Malgré le raisonnement qui précède, il est encore probable qu’un système de PEN ou de frais de déversement favorisera le développement technologique plus que ne le fera un régime de réglementation directe. Une entreprise qui fonctionne à l’intérieur de ses limites d’émission en régime de réglementation directe n’a pas d’incitation fiscale à réduire davantage ses émissions. En fait, elle peut en réalité avoir à faire face à une problème de dissuasion si les niveaux actuels d’émission devaient subir dans l’avenir des réductions proportionnelles uniformes. Une entreprise qui fonctionne en régime de contrôle fondé sur les lois du marché est toujours contrainte de payer un prix positif pour chaque unité de rejet. Que l’entreprise soit un gros ou un petit pollueur, elle doit toujours économiser de l’argent si elle peut trouver une façon peu coûteuse de réduire davantage ses émissions.

      7. Les PEN sont insensibles à la dimension régionale

Si nous établissons un système de PEN, devrions-nous permettre qu’une tonne polluant du Manitoba soit échangée pour une tonne de polluant de Terre-Neuve? Le système pourrait-il, à cause de tels échanges, créer des problèmes de pollution locale là où il n’y en avait pas auparavant?

À cause de sa flexibilité, le système des PEN crée potentiellement des problèmes qui épargnent les autres systèmes, mais ceci ne doit pas être exagéré. Par exemple, nous savons qu’une tonne de SO2 qui est émise du point A et qui retombe sur un écosystème sensible est plus dommageable qu’une tonne de SO2 qui est émise du point B et qui retombe sur un écosystème bien tamponné. Un système convenablement structuré de réglementation directe doit tenir compte de cela, comme doivent le faire et un système de frais de déversement (en imposant une taxe plus élevée par unité de rejet dans les zones plus sensibles) et un système PEN.

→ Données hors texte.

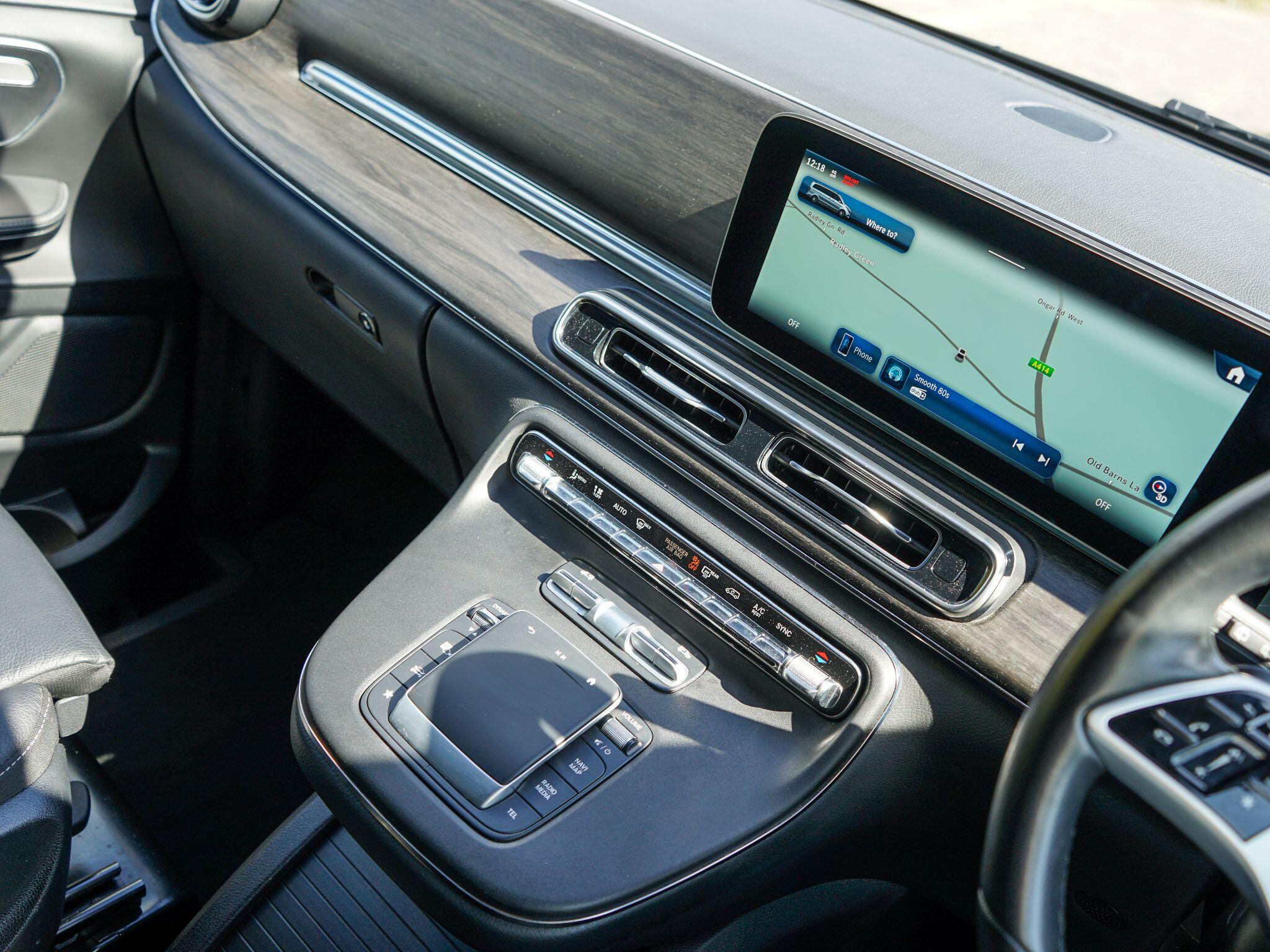 Mercedes-Benz V Class 2.0 V300d Premium G-Tronic+ Euro 6 (s/s) 5dr (8 Seat Extra Long) — photo 6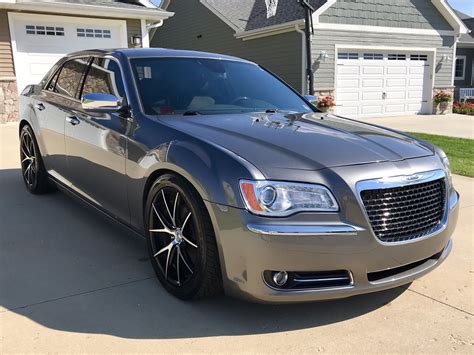 FOR SALE 2011 Chrysler 300C AWD 5.7L HEMI!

On peut établir des régions déterminées dans les limites desquelles les échanges sont permis et hors desquelles ces échanges sont refusés. Dans le cas de petites régions, on peut penser que peu de ceux qui pourraient pratiquer ces échanges se trouveraient dans la même région. Une certaine souplesse pourrait être assurée en pondérant différemment les émissions dans les limites de chaque région et en permettant aux échanges de se faire en tenant compte de ces pondérations. Ainsi, une tonne de SO2 qui serait émise à Sudbury pourrait compter pour trois tonnes de façon à ce qu’une réduction de trois tonnes soit nécessaire à Terre-Neuve pour compenser une augmentation d’une tonne à Sudbury. Une fois ces rapports déterminés et connus, l’échange pourrait avoir lieu aussi simplement que dans le cas échanges d’un contre un.

ÉTUDES TRAITANT DES SYSTÈMES FONDÉS SUR LES LOIS DU MARCHÉ

   A. Systèmes hypothétiques

Les exemples de systèmes de contrôle de la pollution fondés sur les lois du marché sont encore relativement rares. Cependant, les économistes ont entrepris un certain nombre d’études pour comparer l’incidence de ces approches avec celle des systèmes actuels de réglementation directe. Cette partie porte sur quelques cas hypothétiques, alors que la partie suivante est consacrée à l’examen de quelques études traitant des systèmes actuellement en place.

Les auteurs d’un certain nombre d’études ont examiné les réglementations américaines du genre CAC et estimé, en se servant de modèles de simulation, les économies obtenues grâce à un système fondé sur les lois du marché qui atteint le même niveau de réduction de la pollution(6). Les 11 études qui portent sur la qualité de l’air montrent toutes que le système fondé sur les lois du marché a un potentiel d’économie qui varie entre un minimum de 6,5 p. 100 et un maximum de 95 p. 100. En règle générale, ces études montrent que le système de réglementation directe (CAC) assure le contrôle de la pollution à un coût excessif et que les mêmes résultats environnementaux pourraient être obtenus à un coût inférieur(7).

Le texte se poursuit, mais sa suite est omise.